Huntsville, Alabama-based ADTRAN Inc., developer of multi-functional networking devices, today announced its first foray into the increasingly heady world of unified communications.
Rather than taking a tentative, toe-in-the-water approach ADTRAN is unveiling a suite of four related products, targeted at customers of varying sizes, with and without existing PBXs.
Chris Thompson, ADTRAN’s senior product manager for voice products, enumerated them for Enterprise VoIPplanet in a pre-announcement briefing:
“Heading the list is the NetVanta Unified Communications Server. It’s specifically designed to work with third-party PBX systems, whether traditional TDM or IP. So it is an adjunct to an existing system,” Thompson said.
“Next is the The Business Communications System, which is a combination of the NetVanta 7100 or 7060 systems [see our coverage here and here] and the UC Server just mentioned.” This solution is designed to serve 100 or fewer users, and comes pre-licensed for up to 100 users, Thompson explained.
“The third product we’re announcing is Enterprise Communications Server. Unlike the UC Server that is bundled with a NetVanta 7000 series or the standalone UC Server, the Enterprise Communications Server has the integrated PBX functionality, so you eliminate the need for a NetVanta 7000 series device.” This solution, according to Thompson, “will scale much larger than the NetVanta 7000 series-based solution—up to 2,000 users.
Rounding out the suite is the NetVanta Business Application Server. “Its function is to provide computer-enhanced business process (CEBP) types of offerings. It interfaces with an existing TDM or IP PBX that a customer might already have, and allows them to integtrate fax servers, IVRs, and integrate with databases that might be existing at the business,” Thompson explained.
The Application Server is included in the other three offerings; ADTRAN makes it available as a separate add-on for customers that already have the other functionalities in place.
The suite was designed to be marketable in all four of the technology reseller channels, ADTRAN’s senior technology analyst Dave Schenkel chimed in: “The telecommunications reseller channel, the mainstream IT channel, the converged channel (which has one foot in the telecoms space and one in the IT space), and the network services provider channel. We have something for all of them,” he said.
Schenkel emphasized that the UC Server and the rest of the tools were designed to be extremely easy to deploy and to use. “It’s all Microsoft based,” he told Enterprise VoIPplanet. “If you use Active Directory, it’s designed to leverage all the information in Active Directory. All of the hookup into user accounts is done automatically, as is the connection to things like Exchange accounts.”

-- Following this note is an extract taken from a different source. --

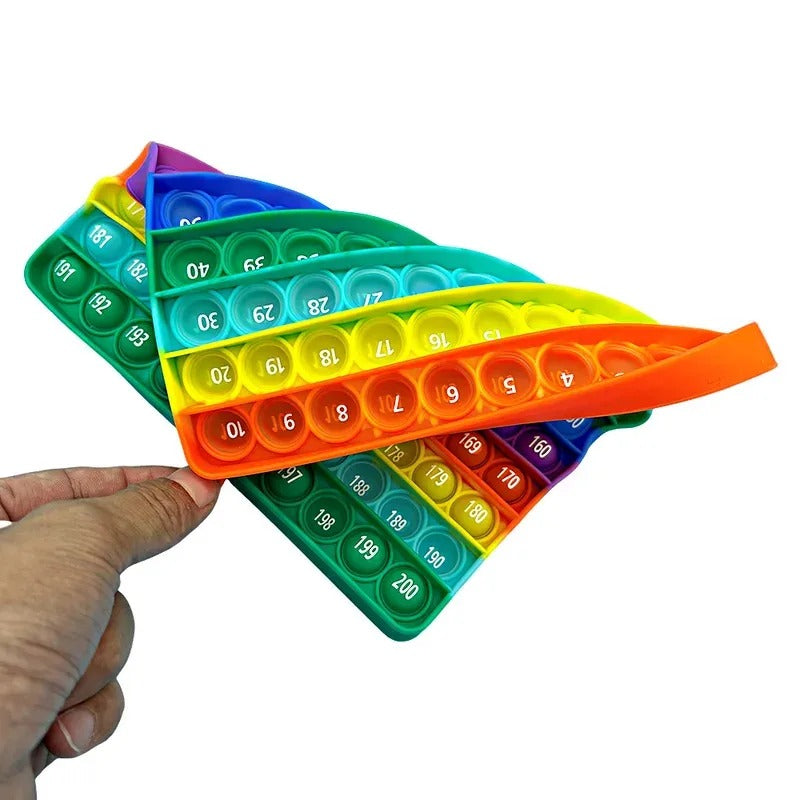 Rainbow 1–200 Counting Push Bubble Toy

As to deployment, in contrast to some popular IP PBXs that take between one and four hours to set up, “if you know what you’re doing, you can install a system in under 20 minutes. Our goal was to allow you to deploy—including putting a phone in—in about 15 minutes or less,” Schenkel said.
At our request, Schenkel drilled down on the Business Applications Server. “One of the key value propositions of that product is that it has a service development environment that we use to develop auto attendants, inbound IVR services and outbound calling services, pre-screening services, one-number services. We even push all those services down to the desktop so that end-users can deploy their own services and design them themselves—or they can be created for them by an administrator or a contractor.”
In fact, the whole UC Server environment is designed to be, as Schenkel puts it, non-programatic. “Everything about NetVanta UC is non-programatic—drag and drop or point and click. We literally have administrative assistants and end users using this service development environment.”
Moreover, according to Schenkel, the product works on every Microsoft operating system—every server from Small Business Server through Windows Essentials Server and up into the Enterprise servers. It will actually even run on desktop operating systems.
While, as mentioned, the Enterprise Communications Server supports up to 2,000 users, ADTRAN is very much focused on the needs of small and medium enterprises (SMEs), which, up to now, have not been big adopters of UC.
“There’s very low penetration of fax servers, which we provide; there’s very low penetration of UM; there’s almost non-existent deployment of inbound IVR and outbound calling services.” Schenkel said. “Nobody is doing this in SMEs.”
The expanded communications functionalities brought to the party by ADTRAN’s Unified Communications Server, include unified messaging, voice-mail-to-e-mail, built in fax server capability, and the services development environment—”to allow you to build all the auto attendants and pre-screening services and redirections and one-number services and inbound and outbound IVR services,” Schenkel summarized.
What it does not currently offer—which many would consider central to unified communications—are instant messaging and presence. “Of course we have phone-based presence,” Schenkel explained. “But that’s part of our plan for 2010, to integrate IM and to federate presence, using all the standard tools out there.”